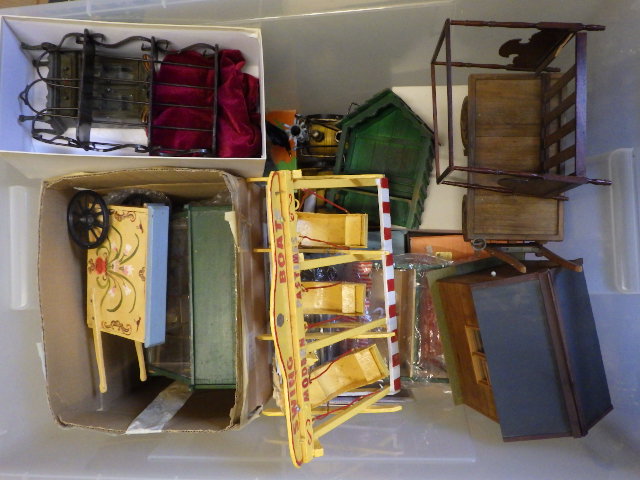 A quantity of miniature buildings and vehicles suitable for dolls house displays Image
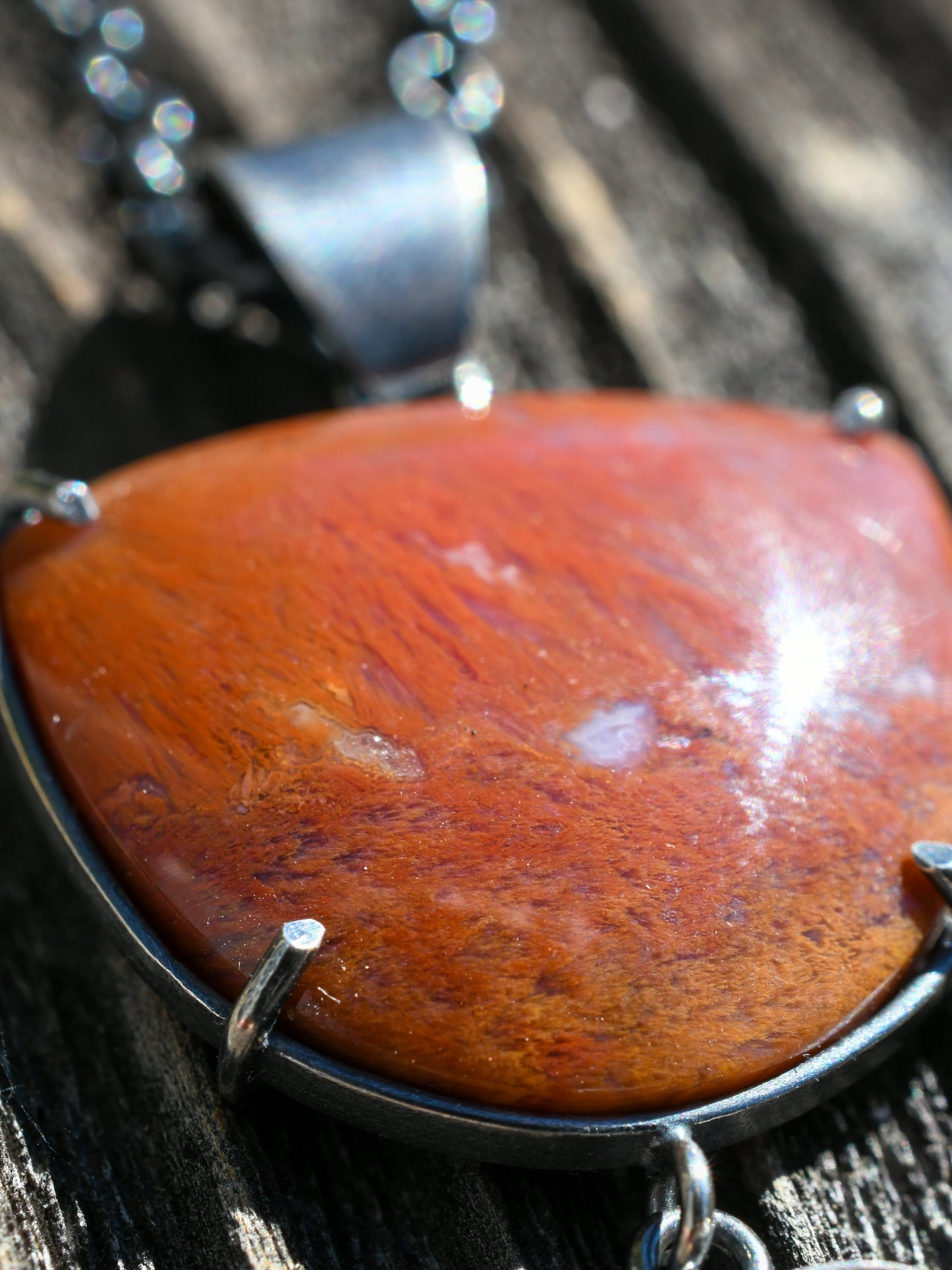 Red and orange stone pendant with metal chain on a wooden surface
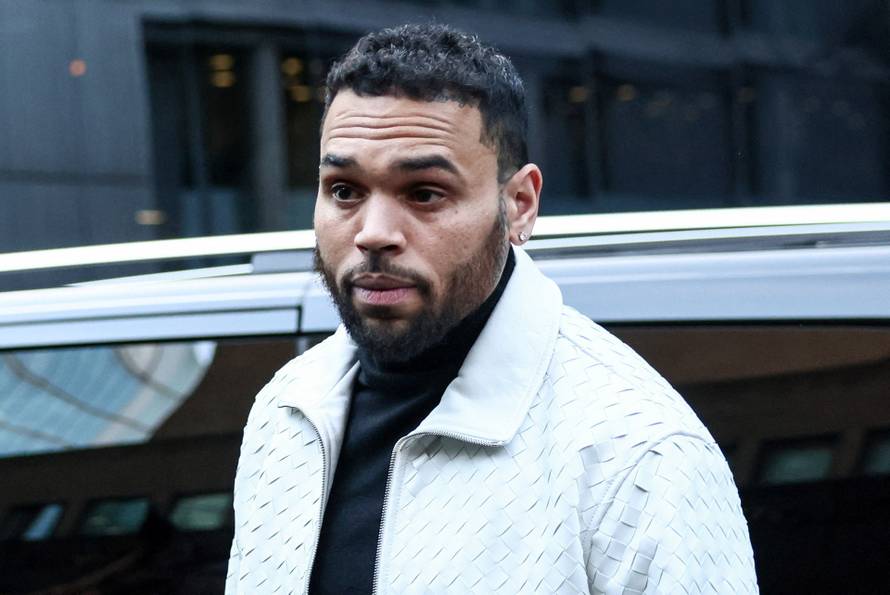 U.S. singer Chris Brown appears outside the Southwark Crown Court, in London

-*-

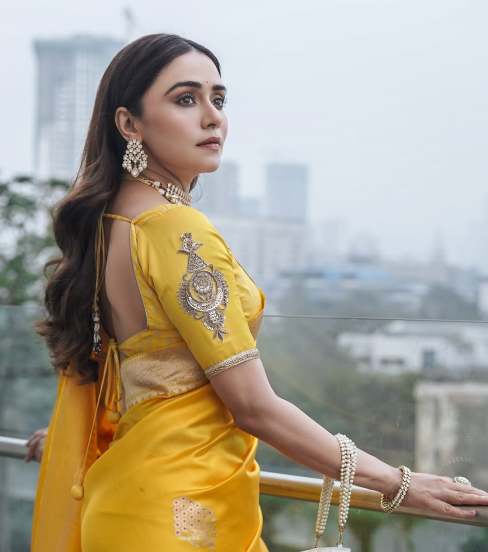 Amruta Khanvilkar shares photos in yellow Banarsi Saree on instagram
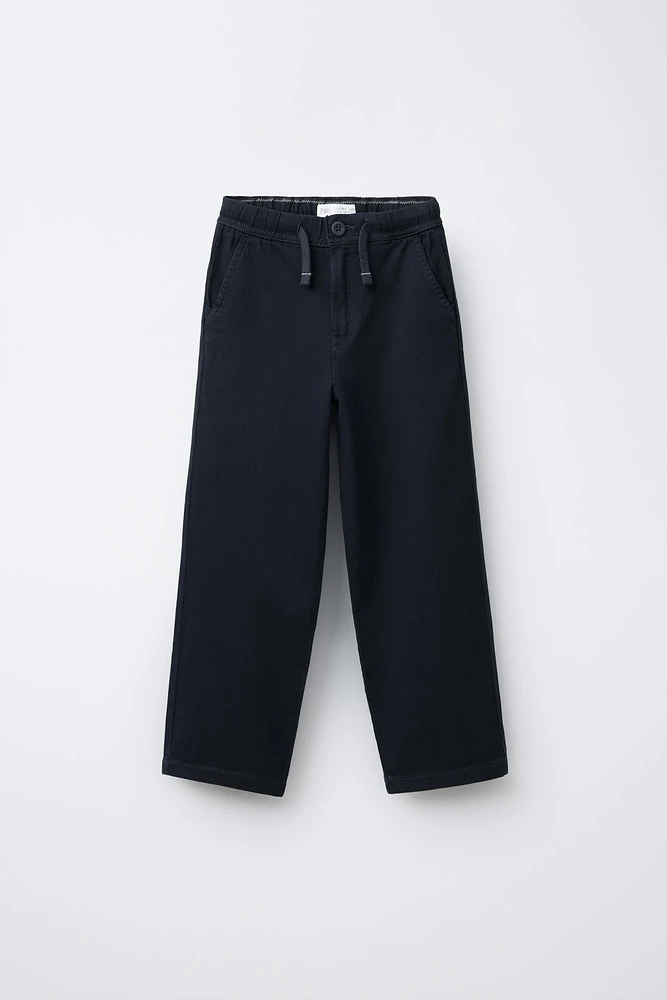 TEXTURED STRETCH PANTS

-*-

TASK TO COMPLETE: From the records above, extract the lines from the one holding "A quantity of" through the one holding "U.S. singer Chris", word for word; omit the pictures.

REPLY TO THE EXERCISE:
 A quantity of miniature buildings and vehicles suitable for dolls house displays Image
 Red and orange stone pendant with metal chain on a wooden surface
 U.S. singer Chris Brown appears outside the Southwark Crown Court, in London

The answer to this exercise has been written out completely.